Als Kunstprojekt gestartet, fanden die Mini-Häuser breiten Anklang. Der NDR, Radio Bremen, Sat.1 und die Bild-Zeitung berichteten über die Schlafstätten für Obdachlose – immer auch mit lobenden Worten von Bertold Reetz, Leiter der Wohnungslosenhilfe bei der Inneren Mission. Sie sind kaum größer als drei Quadratmeter, stehen auf Rädern und beinhalten die wichtigsten Alltagsgegenstände – etwa ein Bett, eine Lampe und Geschirr.

Den Auftrag für die Wagen soll ihr der Streetworker Jonas Pot d’or erteilt haben. Der Mitarbeiter der Inneren Mission habe ihr sogar die potenziellen Bewohner für die im Bau befindlichen Mini-Häuschen vorgestellt. Bremer sollte auf die persönlichen Wünsche der Obdachlosen eingehen.

Zweifel an Lebensgeschichte

Einer von ihnen ist Harald B. Er hätte seit 25 Jahren „auf der Platte“ gelebt, seine Familie bei einem tragischen Unglück verloren und leide an Leukämie. So war es Bremer erzählt worden. Weil Harald B. viel lese, sollte sein „Strandkorb Wolke 7“ viele Bücherregale und eine Solarlampe beinhalten. „Beim Medikamentenschrank habe ich mir noch besonders viel Mühe gegeben“, erzählt Bremer.

Harald B. bekam das zweite Häuschen. Es steht vor dem Jakobushaus, das von der Inneren Mission genutzt wird. Ob er immer noch in der kleinen Unterkunft wohnt, wisse Bremer nicht. Zu groß sei ihre Angst, um nachzuschauen.

Mittlerweile hat sie allerdings erhebliche Zweifel, ob seine bewegende Lebensgeschichte wahr ist: Tatsächlich hatte der angeblich 63-Jährige Vollbartträger mit Rauschemähne noch 2010 beim „Allmende-Netzwerk“ einen festen Job.
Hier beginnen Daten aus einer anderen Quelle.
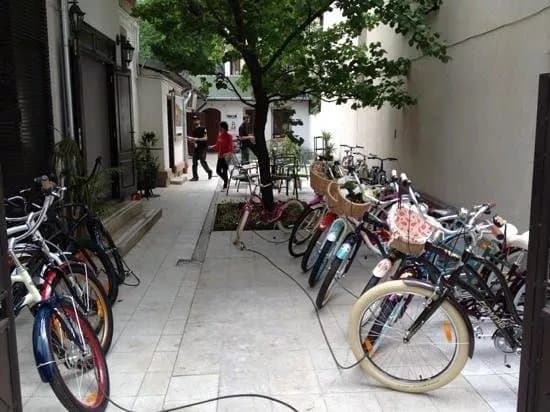 La Vita E Velo (Aviatorilor)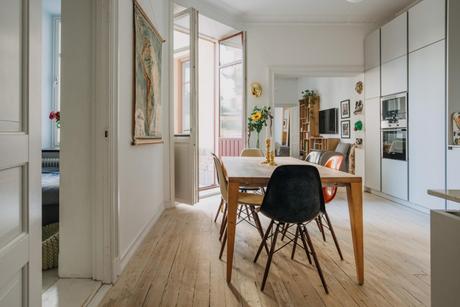 delikatissen vintage scandinavian vintage sillas eames scandinavian apartament estilo nórdico clásico decoración nordica vintage colores vintage alfombras persas 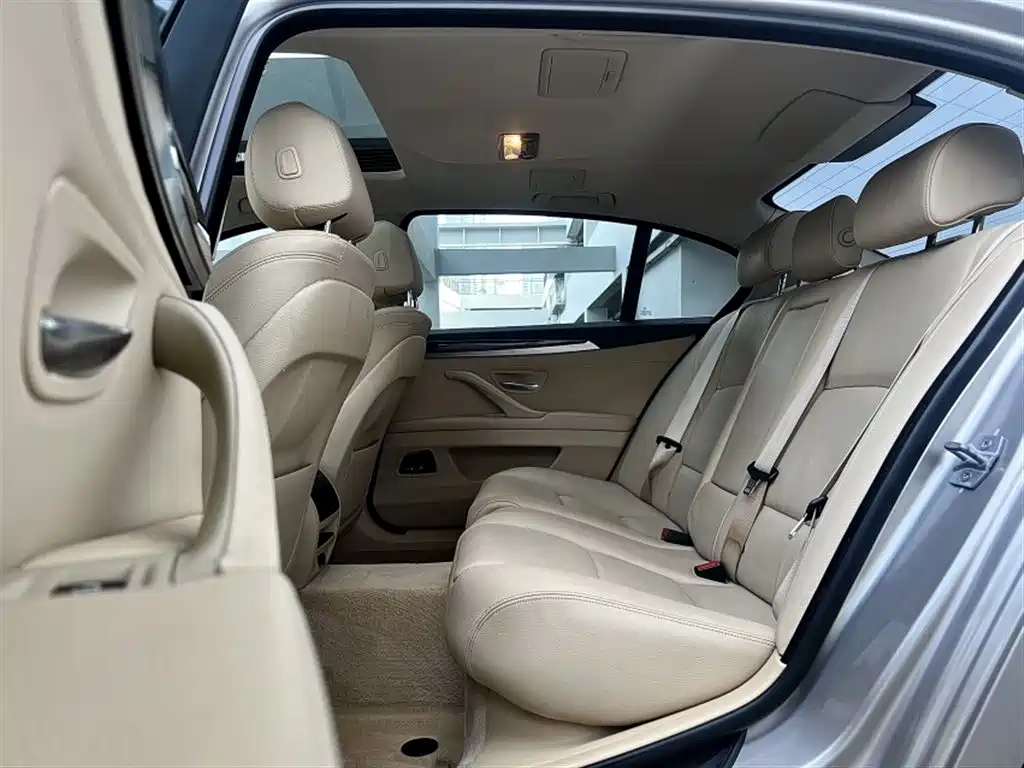 BMW 5 Series 2015 — фото 13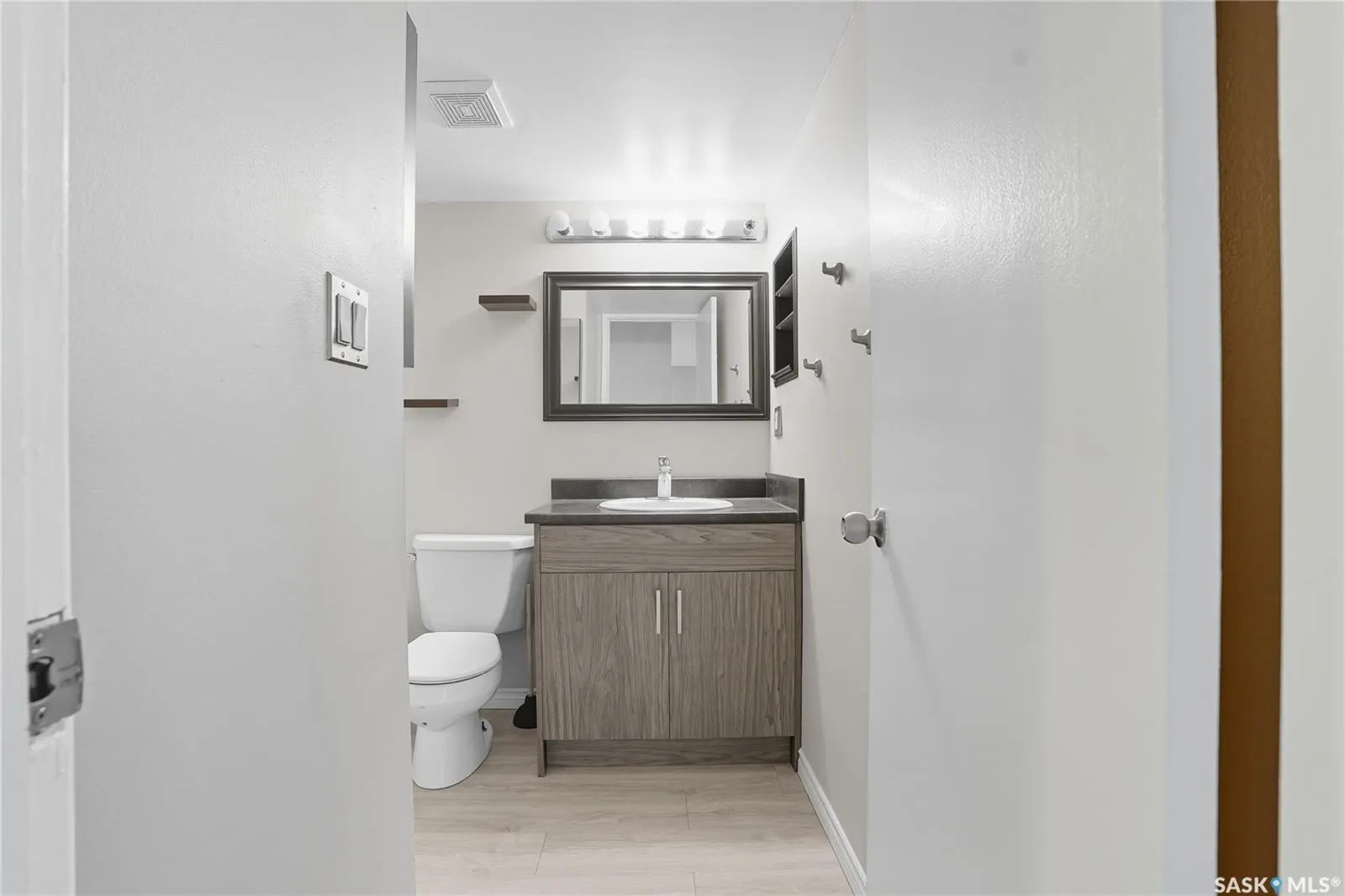 5 Columbia DRIVE, #103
Das ist das soziale Möbellager der Projob Bremen gGmbH – eine 100-prozentige Tochter der Inneren Mission.

Ein anderer der potenziellen Bewohner war Raphael S. Der 25-Jährige soll sogar beim Bau seines Häuschens geholfen haben. „Ich habe ihn mit Essen und Trinken versorgt“, sagt Bremer. Der junge Pole sollte in den Wagen mit blauem Anstrich einziehen. Sogar einen Sessel hatte er sich bereits ausgesucht. Seit zwei Wochen habe sie Raphael S. allerdings nicht mehr gesehen und ihn bei der Polizei als vermisst gemeldet.

Kein Vertrag

Zum aktuellen Stand des Häuserbaus hat die Künstlerin fast täglich Rundmails verschickt. In der Verteilerliste waren Spender, interessierte Bürger, aber auch die Innere Mission. Bremer ist sicher: „Alle müssen davon gewusst haben.“

Die Innere Mission will von einer Geschäftsbeziehung mit Alexandra Bremer aber gar nichts wissen: „Fakt ist: Wir haben nie einen Auftrag erteilt“, behauptet Bertold Reetz, „weder schriftlich, noch mündlich“. Und Bremer sei nur im Recht, wenn sich ein Vertrag finden ließe.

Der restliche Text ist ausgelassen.